THE TASK: Both the line below containing "身長:170cm 着用サイズ:M" and the line containing "1088733 ⭕ 2018-2020", along with every line between them, should be repeated exactly; no other line belongs in the answer.

#### INFORMATION SUPPLIED

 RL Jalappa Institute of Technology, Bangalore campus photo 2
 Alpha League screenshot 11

########
#### INFORMATION SUPPLIED

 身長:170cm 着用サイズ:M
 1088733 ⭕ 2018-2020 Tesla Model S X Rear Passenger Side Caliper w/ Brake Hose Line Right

########

ANSWER SECTION:
 身長:170cm 着用サイズ:M
 1088733 ⭕ 2018-2020 Tesla Model S X Rear Passenger Side Caliper w/ Brake Hose Line Right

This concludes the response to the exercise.